Distributions

Percentiles and Latency: Comparing P50, P95, P99 Correctly

How to properly compare percentile metrics like latency P50, P95, and P99 across groups. Learn about bootstrap inference, quantile regression, and the pitfalls of naive percentile comparisons.

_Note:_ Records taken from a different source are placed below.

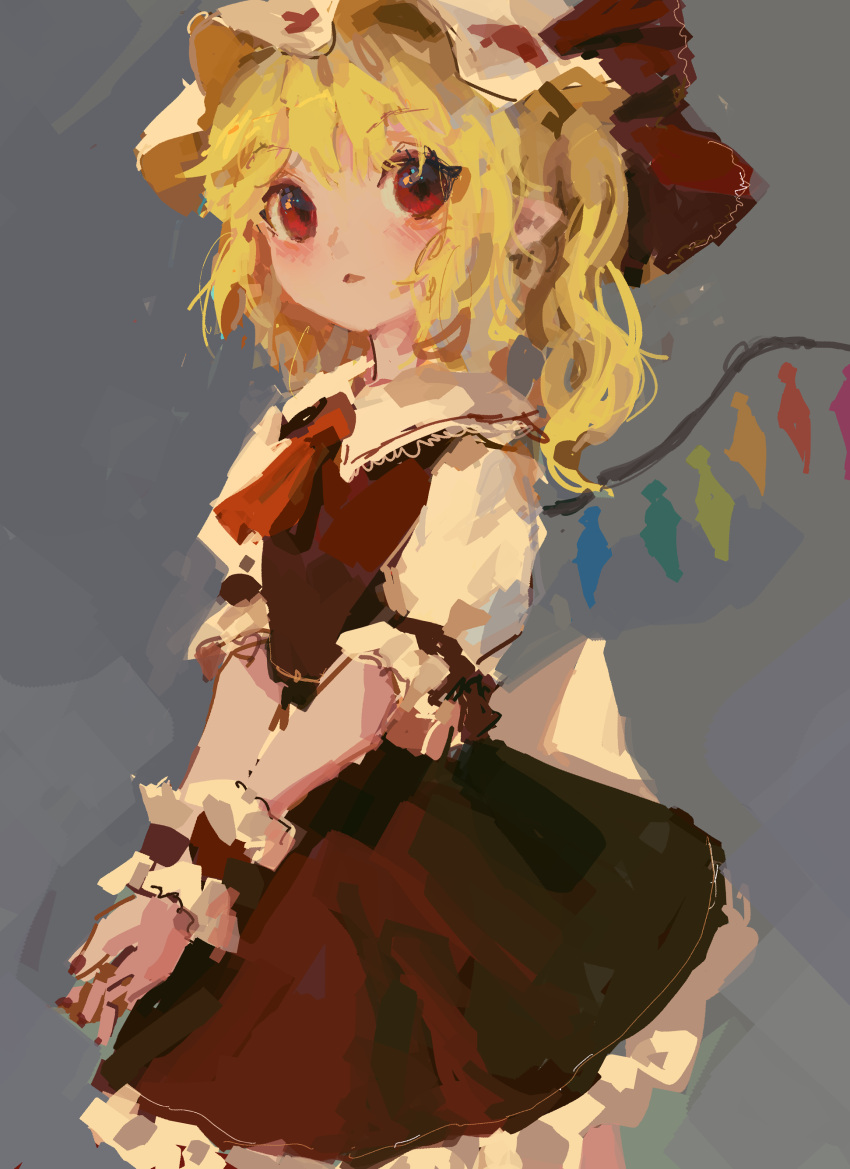 1girl absurdres ascot bangs blonde_hair blush bow collared_shirt cowboy_shot eyebrows_visible_through_hair eyes_visible_through_hair flandre_scarlet frilled_cuffs frilled_sleeves frills from_side grey_background hands_clasped hat hat_bow highres lace_trim large_bow long_hair looking_at_viewer looking_to_the_side mob_cap nail_polish no_lineart own_hands_together parted_lips petticoat pointy_ears puffy_short_sleeves puffy_sleeves red_bow red_eyes red_nails red_neckwear red_skirt red_vest reddizen shirt short_sleeves side_ponytail simple_background skirt skirt_set solo touhou v_arms vest wavy_hair white_bow white_shirt wing_collar wrist_cuffs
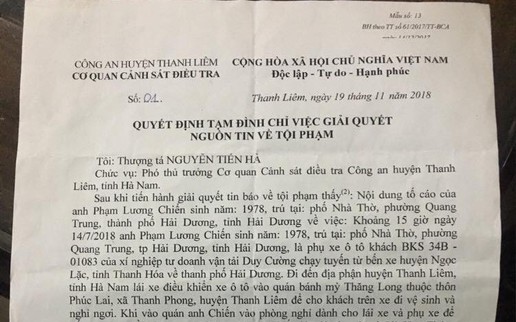 Hà Nam: Có hay không việc cơ quan điều tra huyện bỏ lọt tội phạm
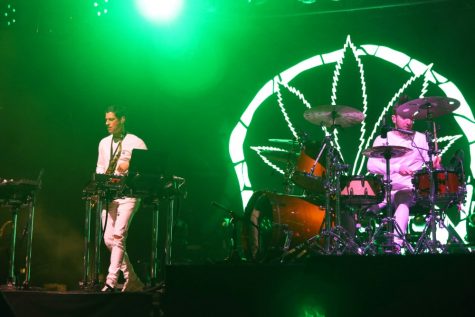 Instrumental electronic, hip-hop, and jazz duo Big Gigantic perform at Dusk Music Festival on Sunday in Tucson, Ariz. The duo is comprised of Dominic Lalli, a saxophone player/producer, and Jeremy Salken who plays drums.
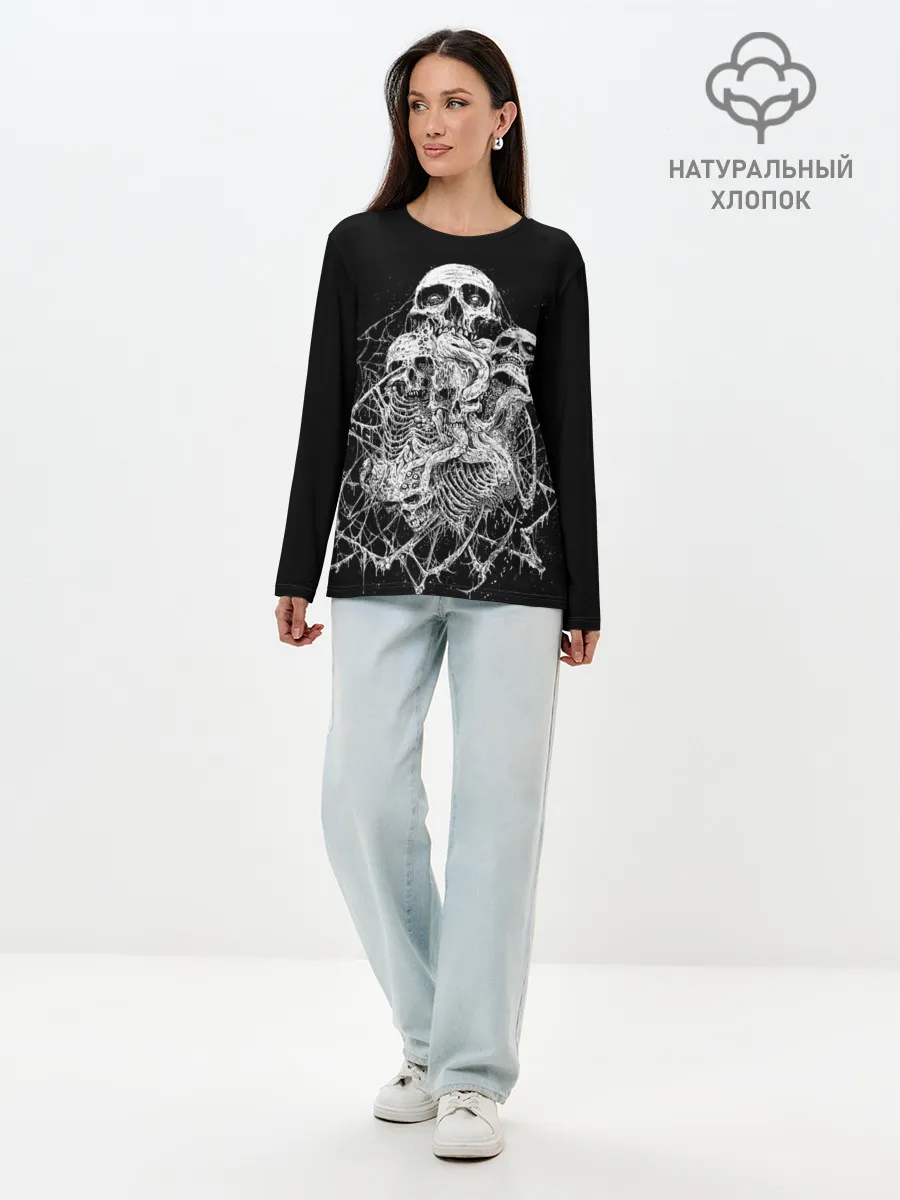 Лонгслив женский. Хлопок / ЧЕРЕПА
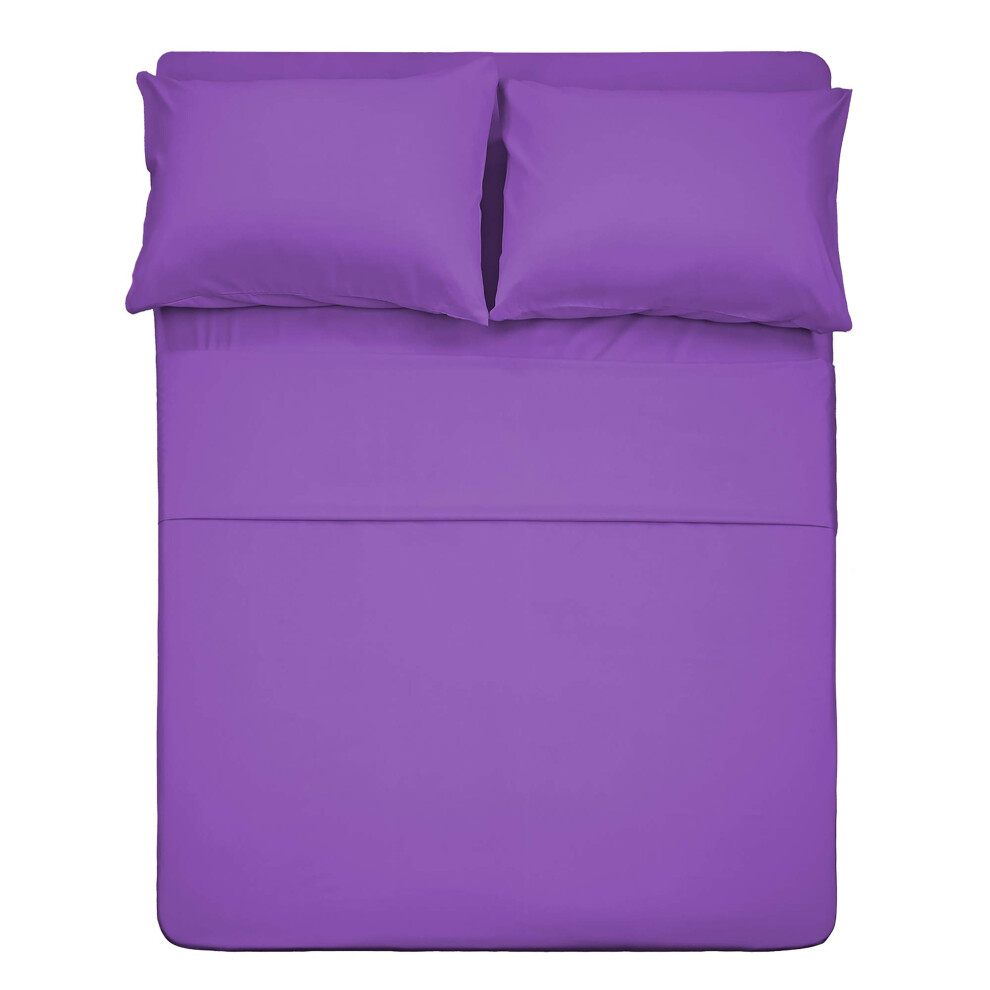 Parure de lit 4 pi   ces Violet complet 1 drap plat 1 drap-housse et 2 taies d'oreiller Literie de luxe en microfibre bross   e avec poches profondes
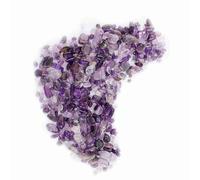 WALFRONT Premium Quality Crystal Quartz Tumbled Stone Chips White Pink Purple Irregular Crushed Pieces for Altar Fish Flowerpot Decoration Energy Cleansing No Holes No Clasp Buddha (Amethyst)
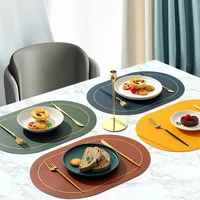 4PCS Leather Placemats Oval Double Sides 2 Colors Waterproof Nordic Modern Kitchen Decor for Home Dining Table Plates Cups Pads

Jan 2610 min readstatstest_flow Distributions Supporting

Percentiles and Latency: Comparing P50, P95, P99 Correctly

Quick Hits

•Percentile standard errors aren't simple—bootstrap is the go-to method
•Comparing P95/P99 requires much larger samples than comparing means
•Quantile regression lets you model percentiles as functions of covariates
•Don't just compare point estimates—quantify uncertainty properly
•Mean latency can improve while P99 gets worse (and vice versa)

TL;DR

Percentile metrics (P50, P95, P99) are essential for latency and performance analysis, but comparing them requires care. Unlike means, percentile standard errors don't have simple formulas—use bootstrap for confidence intervals. High percentiles (P95, P99) need much larger samples because few observations fall in the tail. Quantile regression models percentiles as functions of covariates. This guide covers proper inference for percentile comparisons in product analytics.

Why Percentiles Matter

The Problem with Means

Latency distributions are typically:

Right-skewed: Most requests are fast, some are slow
Heavy-tailed: Occasional very slow requests
Multi-modal: Different code paths have different speeds

Mean latency is dominated by the tail. One 10-second timeout in 1000 requests adds 10ms to mean latency—misleading when 99% of requests complete in <100ms.

What Percentiles Tell You

Metric	Interpretation	Use Case
P50 (median)	Typical user experience	Dashboard headline
P75	Upper-normal experience	Performance budgets
P95	Worst 5% of users	SLA monitoring
P99	Edge cases, one in 100	Critical path alerts
P99.9	Extreme tail	Debugging, capacity

Different Percentiles, Different Stories

Scenario A: Mean improves, P99 worsens
- Old: P50=50ms, P99=500ms, Mean=80ms
- New: P50=45ms, P99=800ms, Mean=75ms
- Typical users faster, but worst cases much worse

Scenario B: Mean worsens, P99 improves
- Old: P50=50ms, P99=2000ms, Mean=100ms
- New: P50=55ms, P99=400ms, Mean=110ms
- Typical users slightly slower, but no more catastrophic delays

Bootstrap for Percentile Confidence Intervals

The Method

Resample data with replacement (same size as original)
Compute percentile on resampled data
Repeat 1000+ times
Use distribution of bootstrap percentiles for CI

Implementation

import numpy as np
from scipy import stats


def bootstrap_percentile_ci(data, percentile, n_bootstrap=2000, alpha=0.05):
    """
    Bootstrap confidence interval for a percentile.

    Parameters:
    -----------
    data : array-like
        Sample data
    percentile : float
        Percentile to estimate (0-100)
    n_bootstrap : int
        Number of bootstrap resamples
    alpha : float
        Significance level (0.05 for 95% CI)

    Returns:
    --------
    dict with point estimate and CI bounds
    """
    data = np.asarray(data)
    n = len(data)

    # Point estimate
    point_est = np.percentile(data, percentile)

    # Bootstrap
    bootstrap_percentiles = []
    for _ in range(n_bootstrap):
        resample = np.random.choice(data, size=n, replace=True)
        bootstrap_percentiles.append(np.percentile(resample, percentile))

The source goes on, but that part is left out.